Actually, in the future, the biggest improvements between piledriver and bulldozer performance might be seen on fp-intensive code;
There is lots of software which is not recompiled to use Bulldozer's FMA4 instructions, but will get recompiled to use haswell's (and piledriver's) FMA3.
So on many programs bulldozer will be using separate fadd and fmul instructions(halving it's theoretical fp performance) but piledriver will use fma instructions.
First , i dont know how my first post you quoted ended up here ( some one moved it :smile
. To me ( a layman) this shouldn't be that hard of a problem to solve, dont move threads 0 through 3 to a thread <0 && >4 (repeat for N number of modules) . Use odd numbered threads before even, If there is a conflict between data locality and issuing on an not used odd thread fall back to the first rule.
The devil is always in the detail, but how hard could it be /Clarkson
But i dont see any advantage to the module system unless they make it wider, otherwise they are always going to be caught in the spot of having to low single/light threaded performance. Something like a 4 thread 3ALU int per core, 3x 256bit AVX2 module would be a floating point monster, but as i said i like wishful thinking.
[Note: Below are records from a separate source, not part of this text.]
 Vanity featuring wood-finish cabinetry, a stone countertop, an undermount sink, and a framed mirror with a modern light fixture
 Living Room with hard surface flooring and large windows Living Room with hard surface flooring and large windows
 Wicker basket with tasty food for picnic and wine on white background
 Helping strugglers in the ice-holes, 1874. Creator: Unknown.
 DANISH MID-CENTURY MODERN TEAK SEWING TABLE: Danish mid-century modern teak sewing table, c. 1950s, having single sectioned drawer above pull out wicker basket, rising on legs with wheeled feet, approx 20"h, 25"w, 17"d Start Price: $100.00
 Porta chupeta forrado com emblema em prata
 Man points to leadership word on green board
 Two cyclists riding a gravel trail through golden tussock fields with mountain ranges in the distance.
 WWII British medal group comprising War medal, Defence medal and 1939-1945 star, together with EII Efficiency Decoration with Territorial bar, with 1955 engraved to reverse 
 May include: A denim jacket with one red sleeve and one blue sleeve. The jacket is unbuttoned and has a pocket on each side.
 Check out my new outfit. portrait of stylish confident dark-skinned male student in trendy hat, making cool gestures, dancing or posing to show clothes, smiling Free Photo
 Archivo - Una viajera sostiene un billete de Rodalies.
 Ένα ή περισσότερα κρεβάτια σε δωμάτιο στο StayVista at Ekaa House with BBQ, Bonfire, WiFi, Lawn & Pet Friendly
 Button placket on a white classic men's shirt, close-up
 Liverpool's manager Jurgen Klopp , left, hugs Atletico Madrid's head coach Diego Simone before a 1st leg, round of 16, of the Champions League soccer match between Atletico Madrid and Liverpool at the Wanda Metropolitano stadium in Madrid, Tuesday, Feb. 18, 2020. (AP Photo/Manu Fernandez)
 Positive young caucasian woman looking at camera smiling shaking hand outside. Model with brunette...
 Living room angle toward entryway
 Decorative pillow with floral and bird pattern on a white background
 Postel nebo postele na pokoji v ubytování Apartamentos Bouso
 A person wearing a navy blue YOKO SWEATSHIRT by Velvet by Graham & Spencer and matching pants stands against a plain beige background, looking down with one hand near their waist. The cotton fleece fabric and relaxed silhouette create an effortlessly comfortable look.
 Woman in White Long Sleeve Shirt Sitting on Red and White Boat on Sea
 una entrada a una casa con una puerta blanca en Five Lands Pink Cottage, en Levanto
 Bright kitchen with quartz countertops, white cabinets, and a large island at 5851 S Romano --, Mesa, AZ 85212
edit: this kind of slide gives me hope......lol
http://xtreview.com/images/opteron AMD Excavator architecture 01.gif
steamroller to add SMT, excavator to widen the module.
On the L1i, i just dont get what the logic behind it was, did they run into trouble with a new cache design and had to make a judgement call and took the less risky path? But yes, they need to fix L1i. Also add either separate decoders ( has been hinted at) or more decode width and able to decode to both cores on the same clock. Given the deepish nature of bulldozer a L0i/op cache/trace cache would likely help reduce required decode , power and maybe even help performance.
Second i was more thinking current and legacy workloads, i agree that FMA 4 is going to go nowhere. its kinda funny how AMD didn't even want it in the first place.